How to Care for a Draining Wound
The goal with serosanguineous drainage is to manage the fluid without letting it pool against your skin or dry out the wound completely. For low to moderate drainage, foam dressings work well because they absorb excess fluid while keeping the wound bed moist. Alginate dressings (made from seaweed fibers) and hydrofiber dressings are other options that wick moisture away effectively.
Change your dressing based on how much fluid it’s absorbing. A lightly draining wound might only need a change every one to two days, while a moderately draining wound may need more frequent changes. The key is to swap the dressing before it becomes fully saturated. When a dressing stays soaked against the skin for too long, the surrounding tissue can become waterlogged and break down, a problem called maceration that looks like white, wrinkled skin around the wound edges.
Signs the Drainage Is Not Normal
Serosanguineous drainage on its own is not a warning sign. But certain changes in the fluid signal that healing has stalled or an infection has developed. Watch for these shifts:
The fluid becomes thick and milky instead of thin and watery. It turns yellow, green, gray, or brown. A foul smell develops. These are hallmarks of purulent drainage, and they mean bacteria have colonized the wound. Changes in the color or odor of pus typically indicate the infection is worsening.

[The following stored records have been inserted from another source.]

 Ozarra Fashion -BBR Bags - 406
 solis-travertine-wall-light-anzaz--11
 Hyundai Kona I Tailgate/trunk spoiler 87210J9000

A sudden, large increase in the volume of pink or red drainage can also be concerning, particularly after surgery. In some cases, a rush of serosanguineous fluid from a surgical incision can signal that the wound edges are pulling apart. If drainage that had been tapering off suddenly returns in larger amounts, or if the fluid shifts from pink back to bright red, those are reasons to contact your care team.
Severe pain, increasing swelling, warmth, or redness spreading outward from the wound are additional signs that something beyond normal healing is happening, even if the drainage itself still looks pink and watery.